Task instructions:
Going down the data below, set down exactly the line with "FAI AutoParts TBK160-6210" and each line after it through the line with "Prise de courant"; no other lines.

Records to process:
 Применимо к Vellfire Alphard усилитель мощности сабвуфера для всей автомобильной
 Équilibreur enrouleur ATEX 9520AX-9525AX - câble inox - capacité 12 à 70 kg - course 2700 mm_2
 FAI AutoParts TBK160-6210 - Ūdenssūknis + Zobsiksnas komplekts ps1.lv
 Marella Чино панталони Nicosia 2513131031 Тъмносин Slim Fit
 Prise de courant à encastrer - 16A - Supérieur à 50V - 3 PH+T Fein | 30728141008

--

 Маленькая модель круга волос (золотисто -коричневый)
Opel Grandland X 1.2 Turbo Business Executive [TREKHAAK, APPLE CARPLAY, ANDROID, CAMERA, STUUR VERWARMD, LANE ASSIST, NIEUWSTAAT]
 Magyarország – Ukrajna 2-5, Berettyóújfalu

---

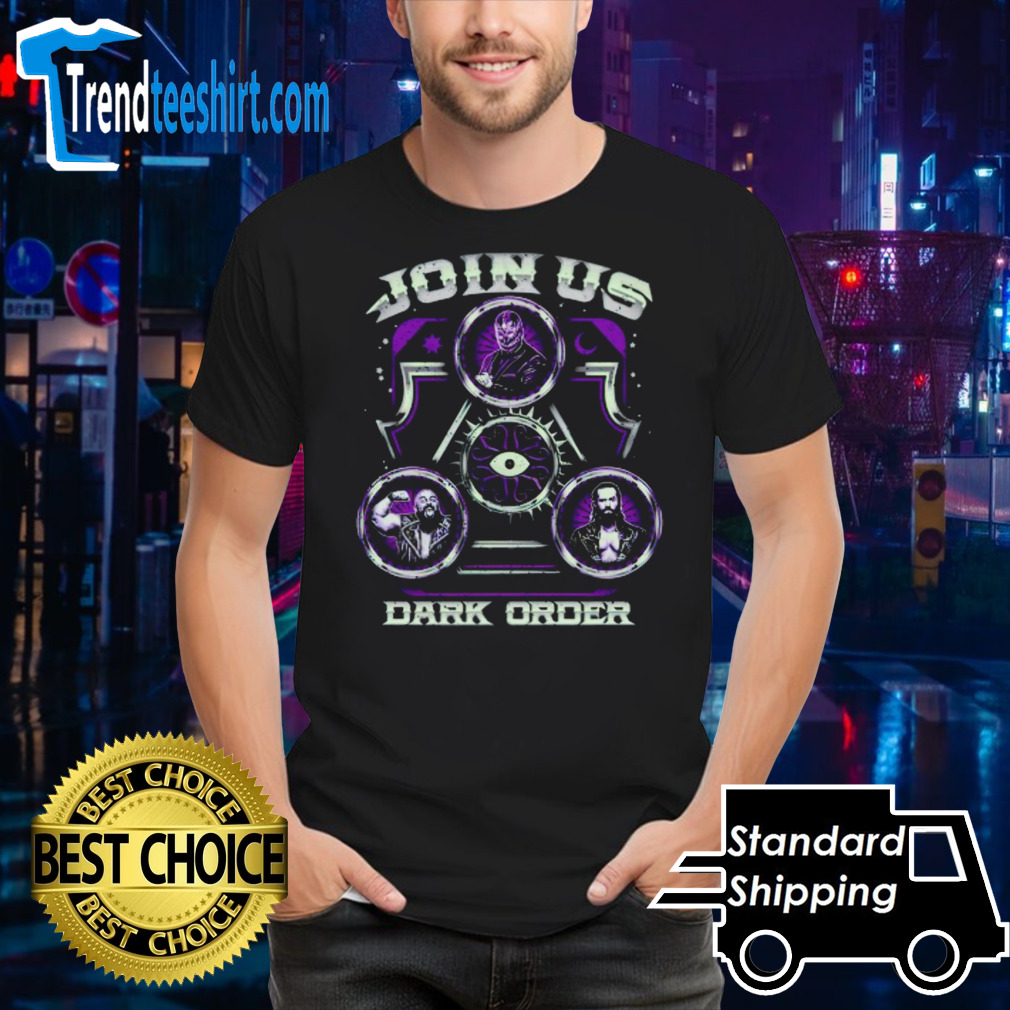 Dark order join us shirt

Solution:
 FAI AutoParts TBK160-6210 - Ūdenssūknis + Zobsiksnas komplekts ps1.lv
 Marella Чино панталони Nicosia 2513131031 Тъмносин Slim Fit
 Prise de courant à encastrer - 16A - Supérieur à 50V - 3 PH+T Fein | 30728141008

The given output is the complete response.